(Material for this exercise)

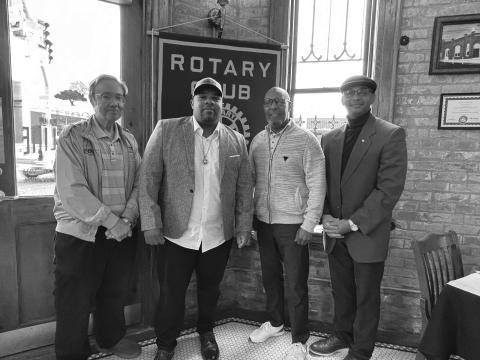 GUESTS WELCOMED - From left, KVPI General Manager Mark Layne, Mayor Ryan LeDay Williams and Pastor Reginald Arvie were the guest speakers for the November 14, meeting of the Ville Platte Rotary Club. They are shown with Ville Platte Rotary Club President Brian Ardoin (right).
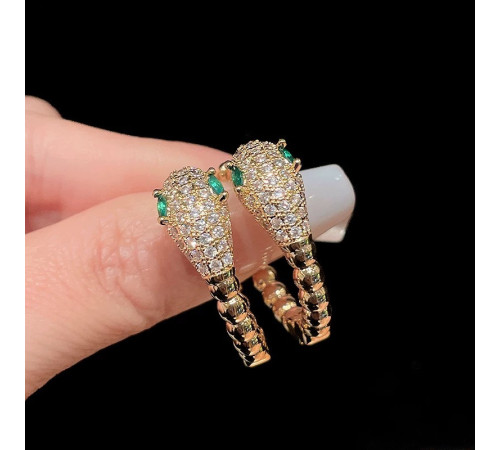 Малазійські сережки Змія 18 каратів із смарагдом і фіанітами клас ААА для удачі, успіху та Здоров'я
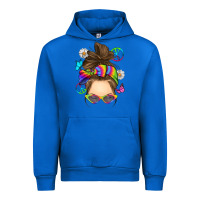 Cobalt messy bun tie dye Urban Hoodie - RanaPortraitStore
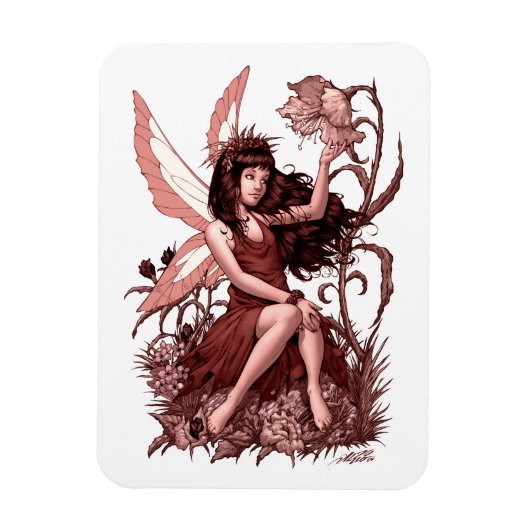 Young Fairy mit Blume von Al Rio Magnet (Vertikal)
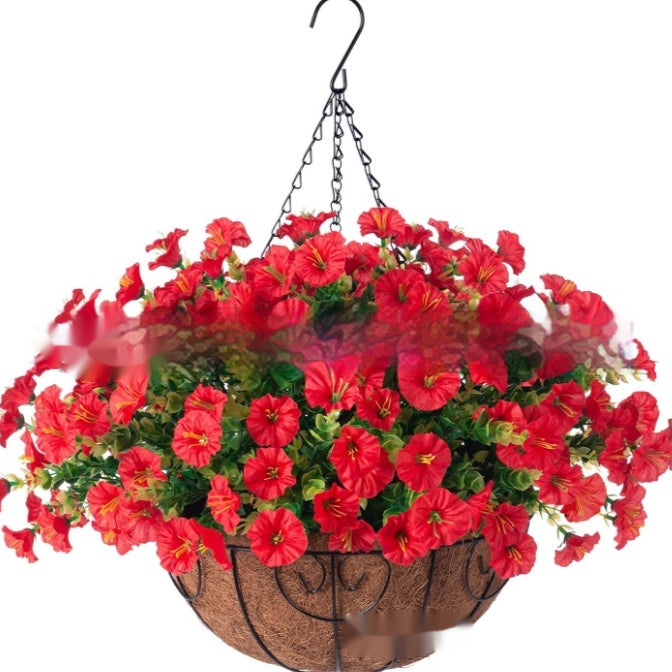 Hanging Plant Basket with Iron Frame for Coconut Palm Pots Garden Decor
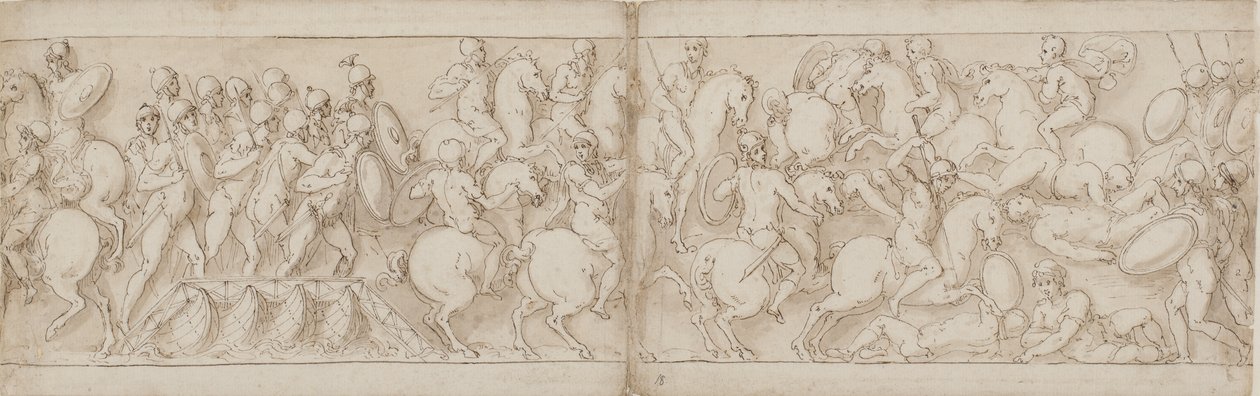 Marcus Aurelius, piyade ve süvarilerle (CVIII) bir rıhtımda yola çıkar; Sarmatyalılar ilerleyen Romalılar tarafından püskürtüldü (CIX) by Giovanni Guerra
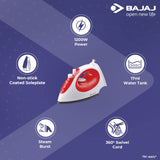 Bajaj Majesty MX 15 Steam Iron White/Red (Steam Iron)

(End Material for this exercise)

Copy exactly the lines from the line containing "Малазійські сережки Змія" through the last line of the records above, both included, and leave out any pictures.

> Answer section
 Малазійські сережки Змія 18 каратів із смарагдом і фіанітами клас ААА для удачі, успіху та Здоров'я
 Cobalt messy bun tie dye Urban Hoodie - RanaPortraitStore
 Young Fairy mit Blume von Al Rio Magnet (Vertikal)
 Hanging Plant Basket with Iron Frame for Coconut Palm Pots Garden Decor
 Marcus Aurelius, piyade ve süvarilerle (CVIII) bir rıhtımda yola çıkar; Sarmatyalılar ilerleyen Romalılar tarafından püskürtüldü (CIX) by Giovanni Guerra
 Bajaj Majesty MX 15 Steam Iron White/Red (Steam Iron)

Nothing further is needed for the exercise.